Renowned travel writer Mike Enslin (John Cusack), like most characters in King’s oeuvre, is haunted by his own demons. Hiding behind alcohol and a refined cynicism, he scours the country for legitimate haunted habitats, rating rooms on a “shiver scale”. A bed-and-breakfast with good food but moderate mood gets five skulls, in his opinion. This movie, based on Enslin’s most terrifying encounter, would receive a solid eight.

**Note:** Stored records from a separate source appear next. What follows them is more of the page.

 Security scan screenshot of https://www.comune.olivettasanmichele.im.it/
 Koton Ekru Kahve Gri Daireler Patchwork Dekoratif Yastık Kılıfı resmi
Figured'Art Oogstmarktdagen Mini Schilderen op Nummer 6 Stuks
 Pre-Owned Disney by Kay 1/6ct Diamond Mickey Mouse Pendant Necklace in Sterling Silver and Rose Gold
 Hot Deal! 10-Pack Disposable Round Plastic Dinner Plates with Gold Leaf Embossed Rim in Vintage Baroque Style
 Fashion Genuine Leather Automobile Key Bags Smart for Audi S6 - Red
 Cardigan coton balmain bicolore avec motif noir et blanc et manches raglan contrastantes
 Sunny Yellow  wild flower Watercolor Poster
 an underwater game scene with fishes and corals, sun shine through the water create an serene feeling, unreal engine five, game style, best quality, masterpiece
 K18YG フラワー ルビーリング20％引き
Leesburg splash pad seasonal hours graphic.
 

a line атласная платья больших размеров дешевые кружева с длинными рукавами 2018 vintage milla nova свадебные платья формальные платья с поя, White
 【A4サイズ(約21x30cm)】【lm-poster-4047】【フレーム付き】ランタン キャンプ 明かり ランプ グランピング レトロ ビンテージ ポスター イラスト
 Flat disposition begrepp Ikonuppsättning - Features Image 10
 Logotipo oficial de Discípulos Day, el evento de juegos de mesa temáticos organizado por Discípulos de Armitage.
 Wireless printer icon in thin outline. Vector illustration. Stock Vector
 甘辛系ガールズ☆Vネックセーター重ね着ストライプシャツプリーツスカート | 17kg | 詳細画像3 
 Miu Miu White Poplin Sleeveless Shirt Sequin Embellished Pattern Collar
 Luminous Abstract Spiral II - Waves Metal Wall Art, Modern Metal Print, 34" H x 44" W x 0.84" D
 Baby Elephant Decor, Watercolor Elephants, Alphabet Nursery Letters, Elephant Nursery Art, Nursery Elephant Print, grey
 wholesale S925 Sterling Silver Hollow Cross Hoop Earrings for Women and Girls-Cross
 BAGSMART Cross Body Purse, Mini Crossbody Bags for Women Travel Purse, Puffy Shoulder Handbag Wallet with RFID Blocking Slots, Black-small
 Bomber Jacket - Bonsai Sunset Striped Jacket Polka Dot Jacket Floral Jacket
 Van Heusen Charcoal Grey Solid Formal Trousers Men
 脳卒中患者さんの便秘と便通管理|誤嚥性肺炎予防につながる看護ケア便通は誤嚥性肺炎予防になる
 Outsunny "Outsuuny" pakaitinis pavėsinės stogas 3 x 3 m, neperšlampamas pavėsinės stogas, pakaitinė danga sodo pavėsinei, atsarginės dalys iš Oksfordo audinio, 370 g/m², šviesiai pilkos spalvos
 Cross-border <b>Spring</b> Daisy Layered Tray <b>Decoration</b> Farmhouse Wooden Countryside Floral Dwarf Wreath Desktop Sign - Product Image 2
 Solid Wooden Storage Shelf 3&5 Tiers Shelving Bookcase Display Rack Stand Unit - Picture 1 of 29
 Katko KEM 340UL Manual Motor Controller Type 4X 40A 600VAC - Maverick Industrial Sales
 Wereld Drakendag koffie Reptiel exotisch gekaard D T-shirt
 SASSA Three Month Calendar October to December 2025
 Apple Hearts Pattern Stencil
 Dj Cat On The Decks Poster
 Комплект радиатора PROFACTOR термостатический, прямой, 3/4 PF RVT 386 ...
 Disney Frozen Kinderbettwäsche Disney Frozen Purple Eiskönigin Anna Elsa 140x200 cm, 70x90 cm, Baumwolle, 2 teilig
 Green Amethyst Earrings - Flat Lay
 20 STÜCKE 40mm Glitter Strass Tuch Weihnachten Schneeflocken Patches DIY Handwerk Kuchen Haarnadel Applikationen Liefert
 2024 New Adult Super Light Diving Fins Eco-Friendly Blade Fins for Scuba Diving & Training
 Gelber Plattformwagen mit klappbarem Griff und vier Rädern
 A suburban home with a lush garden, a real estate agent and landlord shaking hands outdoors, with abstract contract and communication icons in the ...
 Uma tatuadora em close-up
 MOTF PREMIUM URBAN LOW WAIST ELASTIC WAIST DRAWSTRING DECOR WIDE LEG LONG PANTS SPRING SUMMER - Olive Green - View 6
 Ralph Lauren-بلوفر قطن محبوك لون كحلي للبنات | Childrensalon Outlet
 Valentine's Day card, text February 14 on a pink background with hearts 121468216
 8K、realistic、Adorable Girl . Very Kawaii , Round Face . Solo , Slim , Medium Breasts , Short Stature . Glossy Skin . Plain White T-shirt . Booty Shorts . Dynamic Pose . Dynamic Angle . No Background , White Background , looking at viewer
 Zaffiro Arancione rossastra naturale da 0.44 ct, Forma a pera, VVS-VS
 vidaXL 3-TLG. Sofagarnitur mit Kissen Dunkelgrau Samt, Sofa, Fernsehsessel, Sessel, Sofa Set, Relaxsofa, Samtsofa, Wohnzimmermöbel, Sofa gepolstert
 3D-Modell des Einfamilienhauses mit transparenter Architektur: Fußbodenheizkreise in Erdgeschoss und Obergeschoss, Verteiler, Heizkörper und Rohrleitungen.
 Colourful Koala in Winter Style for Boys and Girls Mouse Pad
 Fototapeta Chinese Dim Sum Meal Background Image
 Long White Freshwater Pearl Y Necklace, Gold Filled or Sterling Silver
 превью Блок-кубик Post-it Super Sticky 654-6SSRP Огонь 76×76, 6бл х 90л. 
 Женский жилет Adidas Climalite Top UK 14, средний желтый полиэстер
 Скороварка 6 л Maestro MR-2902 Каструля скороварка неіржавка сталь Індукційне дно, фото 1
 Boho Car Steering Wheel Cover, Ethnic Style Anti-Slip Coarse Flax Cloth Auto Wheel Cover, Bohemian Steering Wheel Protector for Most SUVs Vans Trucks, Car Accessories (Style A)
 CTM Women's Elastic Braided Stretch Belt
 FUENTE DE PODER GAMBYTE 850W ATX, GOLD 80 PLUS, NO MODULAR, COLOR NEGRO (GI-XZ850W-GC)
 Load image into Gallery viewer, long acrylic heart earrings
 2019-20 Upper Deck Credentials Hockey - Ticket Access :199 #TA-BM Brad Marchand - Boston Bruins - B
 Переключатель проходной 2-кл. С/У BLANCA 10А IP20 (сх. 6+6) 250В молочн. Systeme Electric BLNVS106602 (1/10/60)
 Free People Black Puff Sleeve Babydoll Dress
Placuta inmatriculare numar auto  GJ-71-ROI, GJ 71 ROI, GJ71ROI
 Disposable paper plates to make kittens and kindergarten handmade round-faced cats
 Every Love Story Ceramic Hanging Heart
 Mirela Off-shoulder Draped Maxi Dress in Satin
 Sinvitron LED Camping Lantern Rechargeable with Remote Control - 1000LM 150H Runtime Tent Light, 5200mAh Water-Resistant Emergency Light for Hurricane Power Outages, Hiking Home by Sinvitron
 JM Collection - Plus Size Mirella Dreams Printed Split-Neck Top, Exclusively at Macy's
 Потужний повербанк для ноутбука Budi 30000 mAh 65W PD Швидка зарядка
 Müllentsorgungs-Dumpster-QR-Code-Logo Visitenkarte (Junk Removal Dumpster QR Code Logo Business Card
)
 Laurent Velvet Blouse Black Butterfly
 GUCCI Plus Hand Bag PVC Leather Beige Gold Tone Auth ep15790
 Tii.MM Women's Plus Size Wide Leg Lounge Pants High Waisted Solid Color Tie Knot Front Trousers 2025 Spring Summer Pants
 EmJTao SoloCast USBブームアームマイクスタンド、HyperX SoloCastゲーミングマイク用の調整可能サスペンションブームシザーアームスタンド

An unsigned postcard in Enslin’s mailbox simply warns him not to stay in room 1408 at New York’s Dolphin Hotel. Intrigued, the author tries to reserve the room and is rebuffed. Enslin pursues the matter, shrugging off repeated warnings by the facility’s firm manager (Samuel L Jackson in a bit part) to not enter the room. But to stay out would mean we have no movie, and so Cusack makes himself comfortable in the spacious but undoubtedly spooky hotel for a nightmare to remember.
Director Mikael Hafstrom, who last helmed the forgettable Jennifer Aniston-Clive Owen thriller Derailed, ups his visual tricks to rival King’s experienced prose. Some of 1408 deals in cheap parlour games. Clocks keep running when unplugged from their sockets, windows slam on people’s hands, and the walls crack and bleed.
But we need to discover the root of Enslin’s sadness to really connect with the man, and Hafstrom invents a number of clever ways to stage flashbacks that never seem cheap or forced. He also plays with sounds throughout the film, placing children’s voices where they don’t belong and removing sounds when tones should be deafening. It’s suitably unnerving.
1408 is gruesome and psychologically chilling, not gory and shockingly gross. The cynical Enslin is a role tailored to Cusack’s strengths. The actor has played the skeptic before, and usually maintains a detached level of disbelief in even the most mundane of situations. Enslin is a stock character, but Cusack tears down his conventions to tap into an emotional core of paranoia and fear that lends smarts to this admitted genre picture. It also helps that Cusack, much like Jack Nicholson in The Shining, holds a touch of madness behind his eyes. Ghost stories always work better when the terror affects an already haunted soul, and that description fits both Enslin and Cusack.
How has this movie, along with Hostel, Saw, and The Hills Have Eyes, become the accepted form of titillating terror in Hollywood? Movies of this ilk are abusive, demeaning, and unwatchable, and I’m dying for the current production cycle that grinds out this disgusting nonsense to end.
1408 suggests a step in the right direction. This and Vacancy, a Sony release from earlier this year, prove filmmakers can operate within the confines of an established genre and still elicit healthy scares. Shock has lost its value. The real money is in legitimate fear.